Description of the task: Every record below should be retyped exactly, and no picture should appear in the copy.

Stored items from a collection
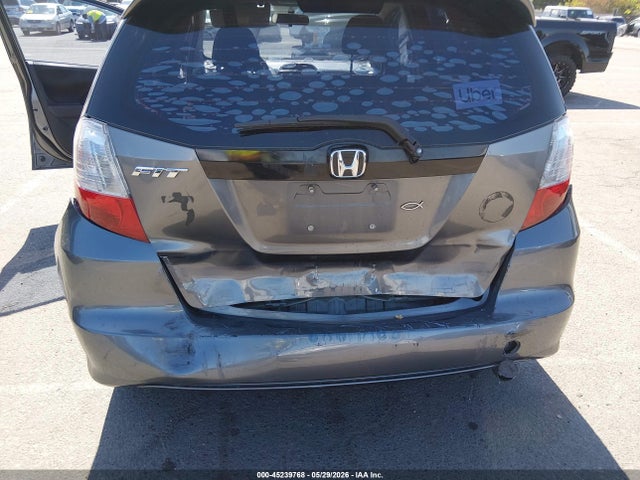 Продажа на аукционе авто 2013 Honda Fit Sport, vin: JHMGE8H50DC046705, номер лота: 45239768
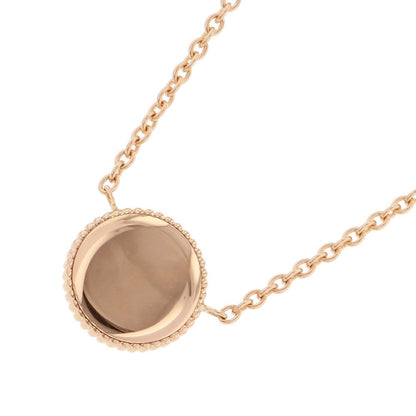Dior Rose de Vin NecklaceJRDV95187_0000 18K Pink Gold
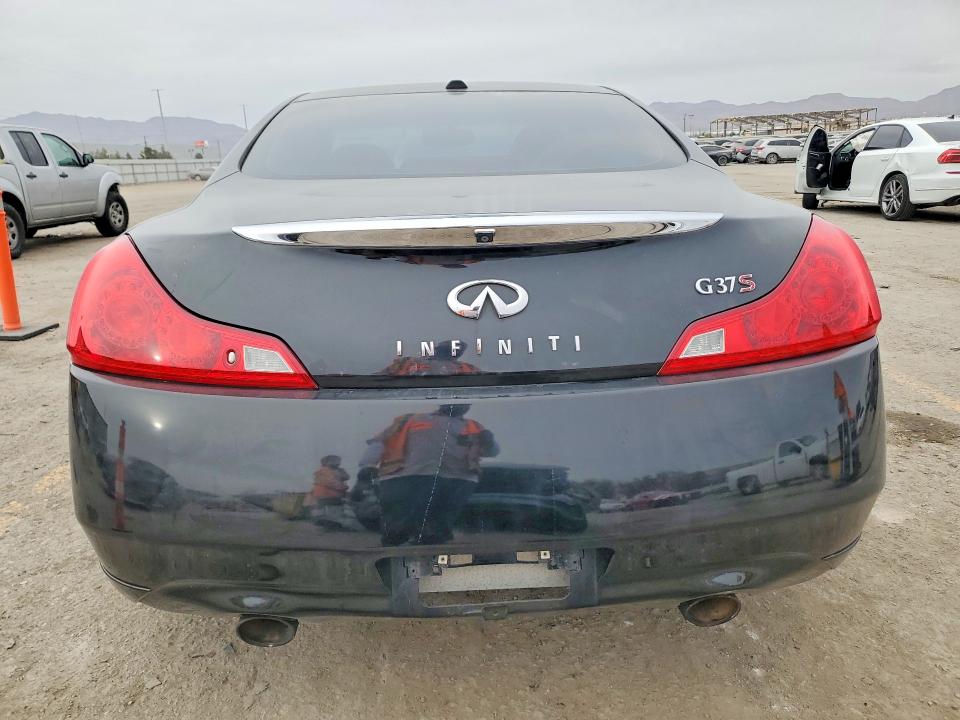 Aukcja sprzedaży 2008 Infiniti G37, vin: JNKCV64E78M119772, numer aukcji: 77118295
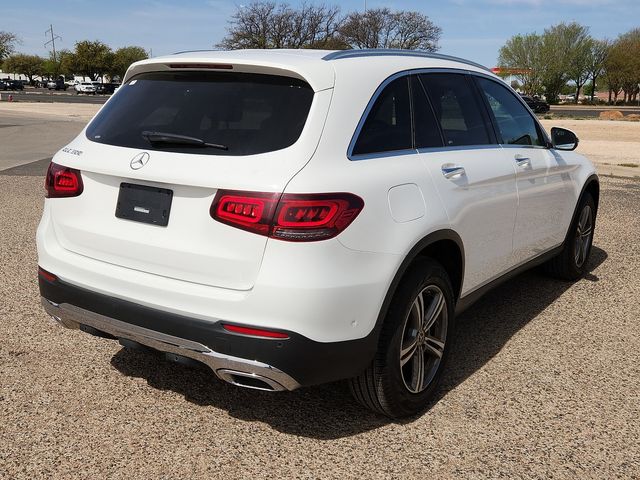 2022 Mercedes-Benz GLC 300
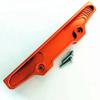 for Traxxas 1/10 MAXX 8936 Aluminum Rear Bumper Orange view 3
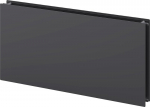 Radiaator Mexen CHF20 Hygiene Flat, 300 x 1800 mm, 1022 W, k&uuml;lg&uuml;hendus, antratsiit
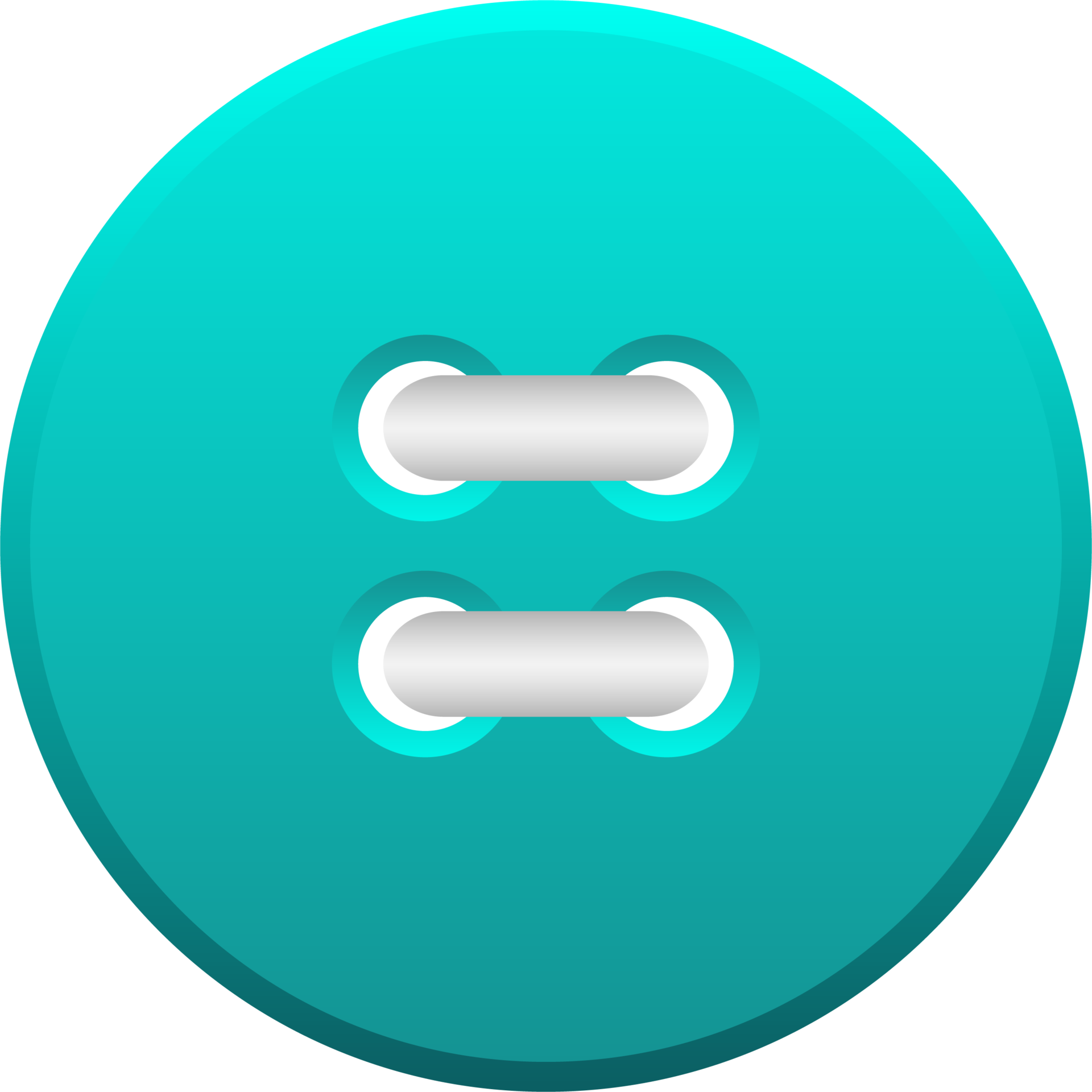 Clothes button clipart design illustration 9399144 PNG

Reply to the task:
 Продажа на аукционе авто 2013 Honda Fit Sport, vin: JHMGE8H50DC046705, номер лота: 45239768
Dior Rose de Vin NecklaceJRDV95187_0000 18K Pink Gold
 Aukcja sprzedaży 2008 Infiniti G37, vin: JNKCV64E78M119772, numer aukcji: 77118295
 2022 Mercedes-Benz GLC 300
 for Traxxas 1/10 MAXX 8936 Aluminum Rear Bumper Orange view 3
 Radiaator Mexen CHF20 Hygiene Flat, 300 x 1800 mm, 1022 W, k&uuml;lg&uuml;hendus, antratsiit
 Clothes button clipart design illustration 9399144 PNG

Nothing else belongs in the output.